Everything from the line containing "عمل جراحی پلک" through the last line of the data below is to be retyped exactly, apart from the pictures.

PROVIDED DATA:
---

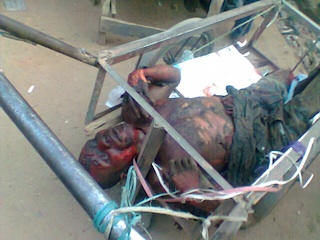 an injured victim being stretchered off the bomb scene in kano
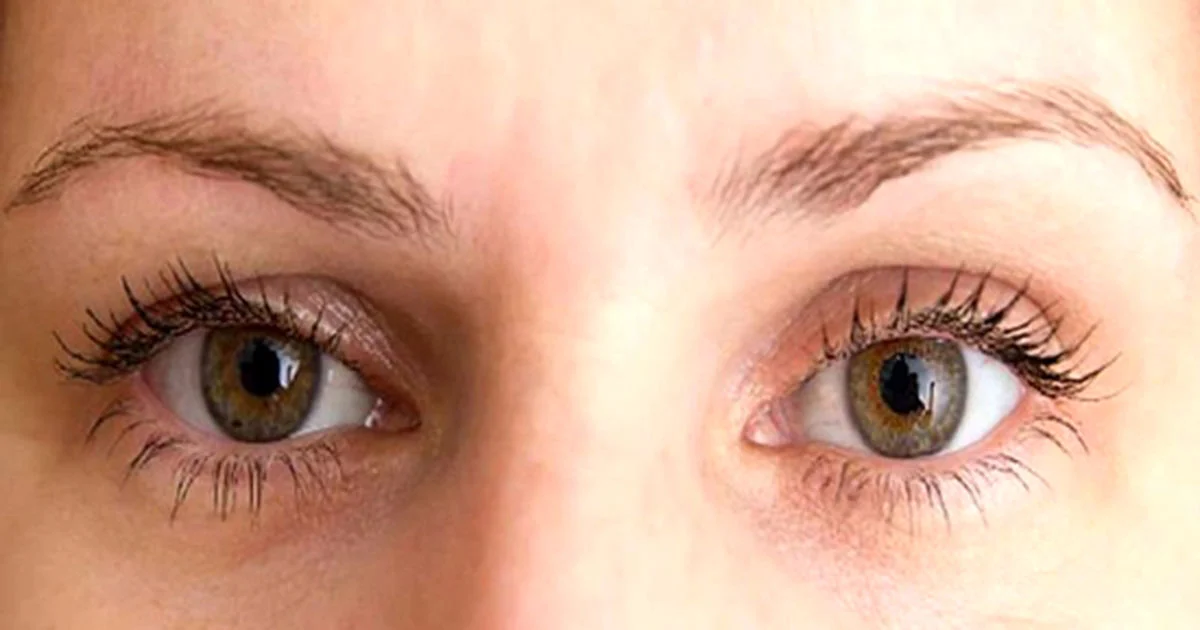 عمل جراحی پلک بالا و پایین (بلفاروپلاستی) چگونه است؟ + عکس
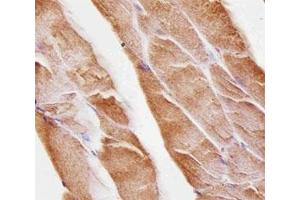 Immunohistochemical analysis of paraffin-embedded mouse skeletal muscle using Musk antibody at 1:25 dilution. (MUSK 抗体)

---

REPLY TO THE TASK:
 عمل جراحی پلک بالا و پایین (بلفاروپلاستی) چگونه است؟ + عکس
 Immunohistochemical analysis of paraffin-embedded mouse skeletal muscle using Musk antibody at 1:25 dilution. (MUSK 抗体)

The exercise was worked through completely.